Content starts

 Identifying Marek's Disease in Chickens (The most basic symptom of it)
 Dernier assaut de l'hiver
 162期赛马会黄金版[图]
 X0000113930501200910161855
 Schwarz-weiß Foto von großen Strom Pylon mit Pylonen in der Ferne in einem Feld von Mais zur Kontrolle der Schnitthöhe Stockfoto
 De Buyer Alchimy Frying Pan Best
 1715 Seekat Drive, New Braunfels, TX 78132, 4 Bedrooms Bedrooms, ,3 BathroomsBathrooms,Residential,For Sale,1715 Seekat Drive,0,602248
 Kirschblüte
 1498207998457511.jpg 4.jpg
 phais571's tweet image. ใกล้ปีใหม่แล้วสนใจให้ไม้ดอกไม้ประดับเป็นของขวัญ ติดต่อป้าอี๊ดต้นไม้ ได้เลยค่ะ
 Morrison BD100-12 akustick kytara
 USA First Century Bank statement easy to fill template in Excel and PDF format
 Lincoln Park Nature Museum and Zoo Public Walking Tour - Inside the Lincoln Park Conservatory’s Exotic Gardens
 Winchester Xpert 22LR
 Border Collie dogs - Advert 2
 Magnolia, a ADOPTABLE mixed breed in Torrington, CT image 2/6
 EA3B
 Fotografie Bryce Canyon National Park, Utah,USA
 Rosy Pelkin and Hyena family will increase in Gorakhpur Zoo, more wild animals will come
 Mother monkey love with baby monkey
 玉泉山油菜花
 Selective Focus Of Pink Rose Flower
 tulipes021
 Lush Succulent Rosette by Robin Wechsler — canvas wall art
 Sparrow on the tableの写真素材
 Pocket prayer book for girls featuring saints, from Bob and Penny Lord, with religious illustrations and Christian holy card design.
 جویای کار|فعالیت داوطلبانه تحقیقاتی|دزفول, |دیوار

Content ends

Goal of the exercise: Output the material above in full. Change nothing.

Solution below:
 Identifying Marek's Disease in Chickens (The most basic symptom of it)
 Dernier assaut de l'hiver
 162期赛马会黄金版[图]
 X0000113930501200910161855
 Schwarz-weiß Foto von großen Strom Pylon mit Pylonen in der Ferne in einem Feld von Mais zur Kontrolle der Schnitthöhe Stockfoto
 De Buyer Alchimy Frying Pan Best
 1715 Seekat Drive, New Braunfels, TX 78132, 4 Bedrooms Bedrooms, ,3 BathroomsBathrooms,Residential,For Sale,1715 Seekat Drive,0,602248
 Kirschblüte
 1498207998457511.jpg 4.jpg
 phais571's tweet image. ใกล้ปีใหม่แล้วสนใจให้ไม้ดอกไม้ประดับเป็นของขวัญ ติดต่อป้าอี๊ดต้นไม้ ได้เลยค่ะ
 Morrison BD100-12 akustick kytara
 USA First Century Bank statement easy to fill template in Excel and PDF format
 Lincoln Park Nature Museum and Zoo Public Walking Tour - Inside the Lincoln Park Conservatory’s Exotic Gardens
 Winchester Xpert 22LR
 Border Collie dogs - Advert 2
 Magnolia, a ADOPTABLE mixed breed in Torrington, CT image 2/6
 EA3B
 Fotografie Bryce Canyon National Park, Utah,USA
 Rosy Pelkin and Hyena family will increase in Gorakhpur Zoo, more wild animals will come
 Mother monkey love with baby monkey
 玉泉山油菜花
 Selective Focus Of Pink Rose Flower
 tulipes021
 Lush Succulent Rosette by Robin Wechsler — canvas wall art
 Sparrow on the tableの写真素材
 Pocket prayer book for girls featuring saints, from Bob and Penny Lord, with religious illustrations and Christian holy card design.
 جویای کار|فعالیت داوطلبانه تحقیقاتی|دزفول, |دیوار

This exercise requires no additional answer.